Shakespeare’s Measure for Measure discusses the difference between justice without mercy, justice based solely on mercy, and the happy medium that is needed to properly run a government. Shakespeare “is profoundly concerned with the impact on human being of abstract justice when the rigors of the law are applied by a zealot” (Shakespeare Introduction xii). This is a topic that holds much importance in the physical health of any person in the Renaissance, as most of the means of punishment in Shakespeare’s time involved physical pain or death. Measure for Measure shows what a justice system that does not show mercy to human error can do to the people who live by it.

Works Cited:

Desmet, Christy, “Measure for Measure: A Modern Perspective.” Measure for Measure. Ed. Barbara A. Mowat and Paul Westine. New York: Washington Square Press, 1997. 245-57.

Parker, M.H.. The Slave of Life.
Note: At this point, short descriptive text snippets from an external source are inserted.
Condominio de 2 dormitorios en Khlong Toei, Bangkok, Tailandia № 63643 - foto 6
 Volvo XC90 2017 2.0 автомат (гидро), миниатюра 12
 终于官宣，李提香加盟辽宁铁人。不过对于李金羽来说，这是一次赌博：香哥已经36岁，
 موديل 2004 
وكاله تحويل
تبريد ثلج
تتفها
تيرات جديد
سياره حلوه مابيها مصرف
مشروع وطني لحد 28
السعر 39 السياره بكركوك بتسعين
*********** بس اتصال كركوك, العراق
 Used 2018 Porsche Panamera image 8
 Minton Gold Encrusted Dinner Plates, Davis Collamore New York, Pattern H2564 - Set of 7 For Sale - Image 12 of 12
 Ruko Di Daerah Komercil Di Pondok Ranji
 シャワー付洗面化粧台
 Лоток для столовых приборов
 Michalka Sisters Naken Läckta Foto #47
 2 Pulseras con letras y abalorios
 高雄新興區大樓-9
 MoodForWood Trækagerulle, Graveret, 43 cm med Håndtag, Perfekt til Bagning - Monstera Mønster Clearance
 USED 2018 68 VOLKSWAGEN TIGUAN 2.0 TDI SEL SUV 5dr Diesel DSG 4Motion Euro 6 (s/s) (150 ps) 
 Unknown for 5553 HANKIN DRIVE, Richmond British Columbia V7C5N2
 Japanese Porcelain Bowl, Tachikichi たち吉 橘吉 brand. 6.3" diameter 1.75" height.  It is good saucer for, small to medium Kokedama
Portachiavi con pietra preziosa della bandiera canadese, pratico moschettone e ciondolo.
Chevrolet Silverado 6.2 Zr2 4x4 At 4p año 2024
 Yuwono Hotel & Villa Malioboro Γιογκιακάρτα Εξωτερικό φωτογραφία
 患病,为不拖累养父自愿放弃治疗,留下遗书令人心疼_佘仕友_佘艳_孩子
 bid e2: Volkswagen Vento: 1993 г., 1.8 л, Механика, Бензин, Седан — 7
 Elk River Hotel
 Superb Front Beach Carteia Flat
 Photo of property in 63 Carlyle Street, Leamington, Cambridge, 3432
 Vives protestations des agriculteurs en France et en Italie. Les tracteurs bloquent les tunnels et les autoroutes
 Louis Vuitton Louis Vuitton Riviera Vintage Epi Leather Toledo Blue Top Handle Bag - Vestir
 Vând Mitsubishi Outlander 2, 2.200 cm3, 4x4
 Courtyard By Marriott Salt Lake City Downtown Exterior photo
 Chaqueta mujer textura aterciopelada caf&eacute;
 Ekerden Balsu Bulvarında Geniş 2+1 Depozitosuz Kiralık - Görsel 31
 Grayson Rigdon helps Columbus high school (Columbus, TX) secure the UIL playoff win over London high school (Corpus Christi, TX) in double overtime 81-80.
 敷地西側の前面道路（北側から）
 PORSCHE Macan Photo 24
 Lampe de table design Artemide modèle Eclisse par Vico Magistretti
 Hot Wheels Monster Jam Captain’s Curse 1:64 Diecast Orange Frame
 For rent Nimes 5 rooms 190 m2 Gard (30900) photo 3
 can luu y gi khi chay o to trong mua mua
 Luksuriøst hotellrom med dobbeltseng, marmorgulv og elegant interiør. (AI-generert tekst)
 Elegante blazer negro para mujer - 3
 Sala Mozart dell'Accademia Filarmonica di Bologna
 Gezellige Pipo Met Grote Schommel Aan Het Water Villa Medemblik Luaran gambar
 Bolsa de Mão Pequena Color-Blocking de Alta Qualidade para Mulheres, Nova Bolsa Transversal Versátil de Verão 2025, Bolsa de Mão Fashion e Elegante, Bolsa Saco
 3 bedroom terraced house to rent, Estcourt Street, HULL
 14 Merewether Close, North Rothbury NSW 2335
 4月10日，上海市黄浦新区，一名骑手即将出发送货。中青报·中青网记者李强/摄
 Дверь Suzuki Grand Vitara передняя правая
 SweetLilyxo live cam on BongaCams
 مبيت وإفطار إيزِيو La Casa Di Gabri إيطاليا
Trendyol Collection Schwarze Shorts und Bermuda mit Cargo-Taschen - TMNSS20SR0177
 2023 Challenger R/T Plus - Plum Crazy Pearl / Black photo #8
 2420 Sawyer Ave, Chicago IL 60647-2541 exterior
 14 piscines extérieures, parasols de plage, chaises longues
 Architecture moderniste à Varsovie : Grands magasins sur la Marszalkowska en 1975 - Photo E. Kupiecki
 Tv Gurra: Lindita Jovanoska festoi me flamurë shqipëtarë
London: Chatto & Windus, 1955.

Schanzer, Ernest. “Justice and King James in Measure for Measure.” Shakespeare: Measure for Measure: A Casebook. Ed. C.K. Stead. London, Macmillan, 1971. 233-41.

Shakespeare, William. Introduction. Measure for Measure. By Louis B. Wright and Virginia A. LaMar. New York: Washington Square Press, 1965.

Shakespeare, William. “Measure for Measure.”The Norton Shakespeare. Ed. Stephen Greenblatt, Walter Cohen, Jen E. Howard, and Katharine Eisaman Maus. New York: WW Norton and Co., 1997. 2021-2090.

Underhill, Arthur. “Criminal Law.” Shakespeare Law Library. SOURCCETEXT. 3 November 2003.